Autre porte-parole de l’action gouvernementale : Jean-Paul Delevoye, qui n’est pas ministre mais qui est chargé de réformer les retraites et qui explique le futur système dans Le Parisien, le Progrès ou encore la Voix du Nord.
"Sur les retraites, les français ne veulent pas être trompés", dit-il dans les Dernières Nouvelles d’Alsace. C’est vrai que c’est pas faux.
Enfin, Agnès Buzyn, ministre de la Santé, qui détaille son plan pour les personnes âgées dépendantes dans l’Opinion. L’Opinion qui met l’extrait suivant en titre : "ce n’est pas un défaut de vieillir, c’est une chance !", lance la ministre. Là aussi, c’est pas faux, mais qui croire ? Agnès Buzyn ? Ou la Une de Nord Eclair : "Roubaix : un seul aide-soignant pour 24 résidents à l’Ehpad, titre le journal, les proches des patients dénoncent les carences en personnel".
Vieillir, c’est une chance. À noter, sur le même sujet, le reportage de Pierre Bienvault dans La Croix, sur la détresse des aides-soignants qui remplissent leur mission dans des conditions éprouvantes et de plus en plus précaires.
Autant de personnels débordés qui, tous, attendent de voir pour croire quelque promesse que ce soit.
Qui croire ? Et que croire ? Là encore la question se pose à la lecture du Figaro et son article sur "les cristaux guérisseurs".

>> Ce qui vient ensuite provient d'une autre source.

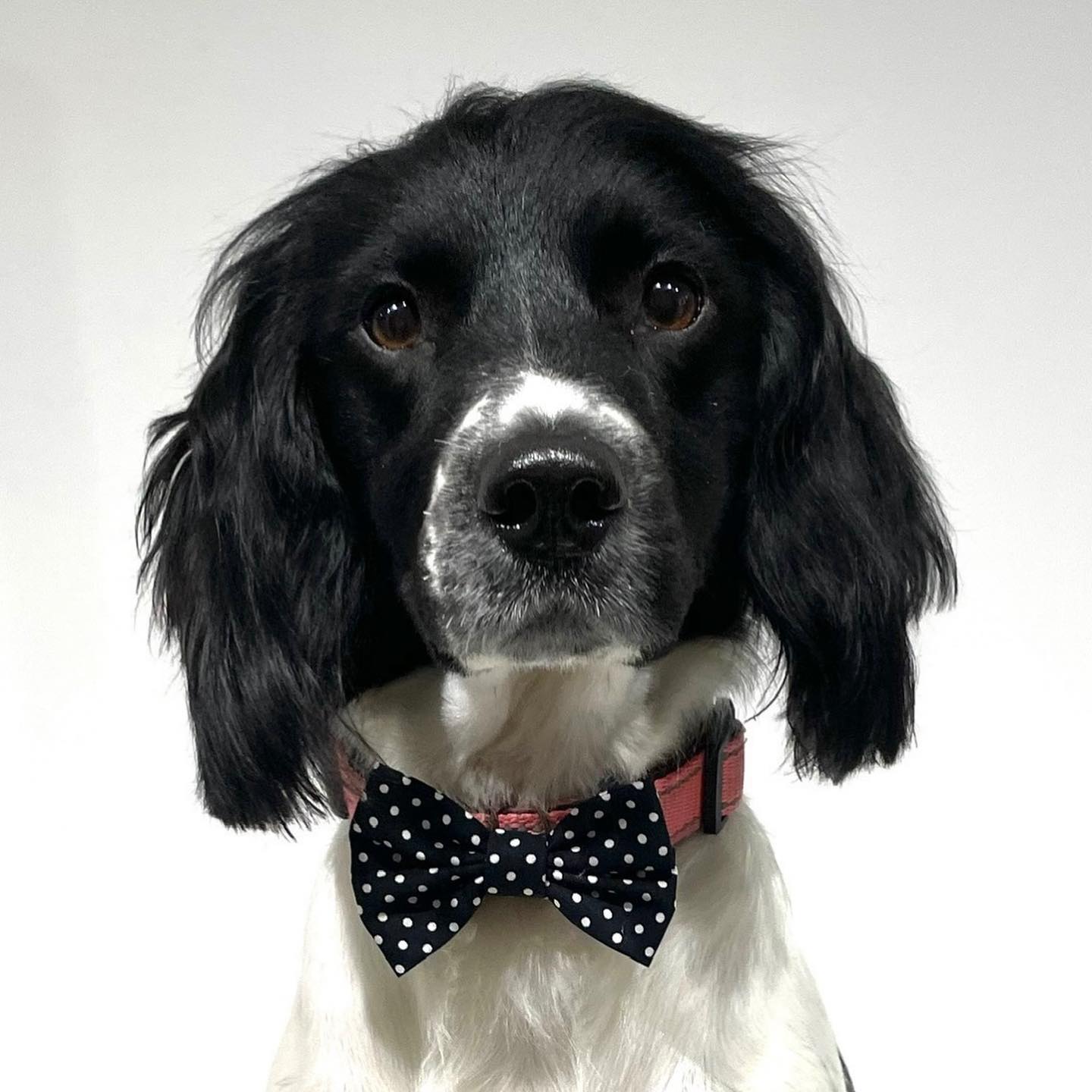 Meet gorgeous Bella... - Dog House Grooming Hughenden Valley | Facebook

Où l’on vous parle de la vogue incroyable "qui aimante l’univers du bien-être et de la beauté", en l’occurrence le pouvoir des pierres semi-précieuses. "Les adeptes sont de plus en plus nombreux en France, à en croire le succès fou des pierres vendues par la créatrice Kari Geham, à Paris, mais aussi en Suisse et à Los Angeles. Des pendentifs, écrit le journal, inspirés et inspirants, dont les prix démarrent à 150 euros et qu’elle a fabriqués après avoir pris des cours de gemmologie et de lithothérapie.

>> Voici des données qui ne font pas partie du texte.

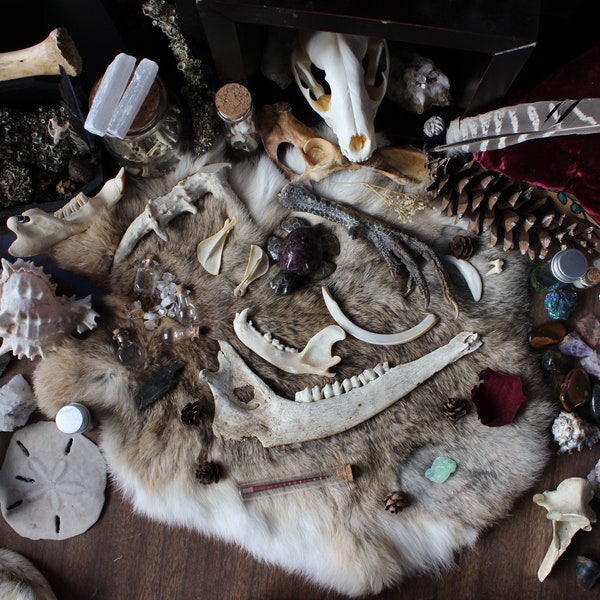 Oddities Mystery Box | Vulture Culture Curiosities | Skull Box |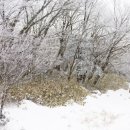 보리농장 이미지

"J’ai effectué un soin d’harmonisation des chakras à base de cristaux qui a changé ma vie, dit-elle, depuis, j’en porte toujours à même la peau. Certes, les pierres ne soignent pas les maladies graves, précise-t-elle, mais elles sont porteuses d’émotions et peuvent développer des réactions étonnantes chez les gens"". Ainsi le quartz rose serait la pierre de l’amour, la sélénite celle de l’antistress, la turquoise et l’œil de tigre lutte contre le mauvais sort. Sur Internet, les recherches sur le pouvoir des pierres explosent : + 40% sur Google en 2017. Pourquoi ? "Parce que les gens ont envie d’un retour au source, explique un chasseur de tendance, ils veulent avoir l’impression de contrôler davantage la situation". Voilà, à coup sûr "la vraie phrase" de l’article, oui, d’une manière générale, sans avoir à utiliser de gri-gri, on aimerait bien contrôler davantage la situation.